Restate verbatim the span of lines below between the line with "a bedroom with" and the line with "a man sitting", including those two lines, and only that span.

** Opening Task input block **

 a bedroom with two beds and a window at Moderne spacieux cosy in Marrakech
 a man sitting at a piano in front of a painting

** Closing Task input block **
** Opening Task input block **

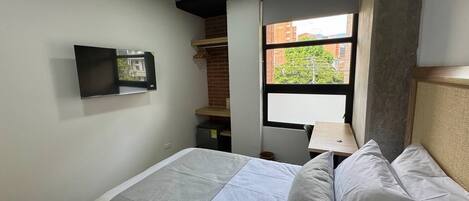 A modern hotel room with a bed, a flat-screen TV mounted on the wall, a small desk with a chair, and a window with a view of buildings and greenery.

** Closing Task input block **

**Answer to the exercise**:
 a bedroom with two beds and a window at Moderne spacieux cosy in Marrakech
 a man sitting at a piano in front of a painting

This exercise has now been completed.